High-performance computing in Python

Author

Marie-Hélène Burle

This section gives a brief introduction on how to use Python on the Digital Research Alliance of Canada supercomputers.

Interactive sessions for HPC

When you launch a Jupyter session from a JupyterHub, you are running a Slurm job on a compute node. If you want to play for 8 hours in Jupyter, you are requesting an 8 hour job. Now, most of the time you spend on Jupyter is spent typing, running bits and pieces of code, or doing nothing at all. If you ask for GPUs, many CPUs, and lots of RAM, all of it will remain idle most of the time. This is a suboptimal use of resources.

In addition, if you ask for lots of resources for a long time, you will have to wait for a while before they get allocated to you.

Lastly, you will go through your allocations quickly.

All of this applies equally for interactive sessions launched from an SSH session with salloc.

A better approach

A more efficient strategy is to develop and test your code with small samples, few iterations, etc. in an interactive job (from an SSH session in the cluster with salloc), on your own computer, or in Jupyter. Once you are confident that your code works, launch an sbatch job from an SSH session in the cluster to run the code as a script on all your data. This ensures that heavy duty resources that you requested are actually put to use to run your heavy calculations and not seating idle while you are thinking, typing, etc.

Logging in the cluster

Open a terminal emulator:

Windows users:  launch MobaXTerm.
MacOS users:   launch Terminal.
Linux users:     launch xterm or the terminal emulator of your choice.

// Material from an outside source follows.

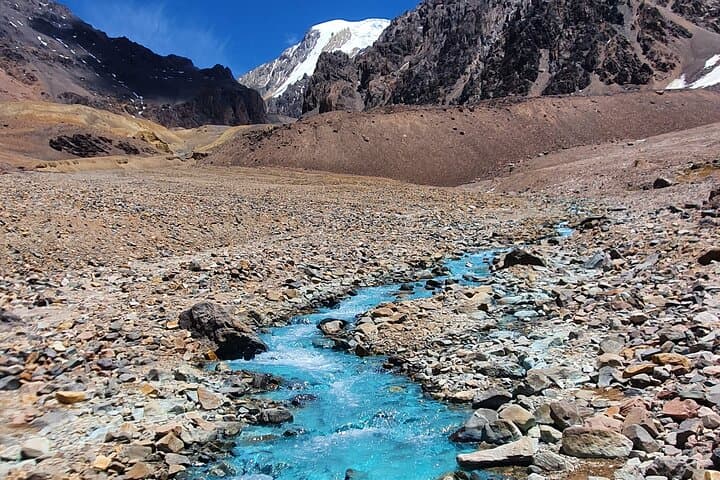 Trekking to Turquoise Creek Barreal: High-Altitude Camp on Mercedario's Slopes photo 3
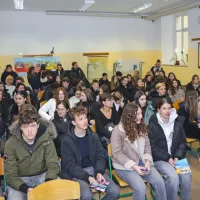 Na informativnih dnevih se mladi odločajo o svoji prihodnosti (FOTO)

Then access the cluster through secure shell:

$ ssh <username>@<hostname>    # enter password

Accessing Python

This is done with the Lmod tool through the module command. You can find the full documentation here and below are the subcommands you will need:

# get help on the module command
$ module help
$ module --help
$ module -h

# list modules that are already loaded
$ module list

# see which modules are available for Python
$ module spider python

# see how to load Python 3.10.2
$ module spider python/3.10.2

# load Python 3.10.2 with the required gcc module first
# (the order is important)
$ module load gcc/7.3.0 python/3.10.2

# you can see that we now have Python 3.10.2 loaded
$ module list

Copying files to the cluster

We will create a python_workshop directory in ~/scratch, then copy our Python script in it.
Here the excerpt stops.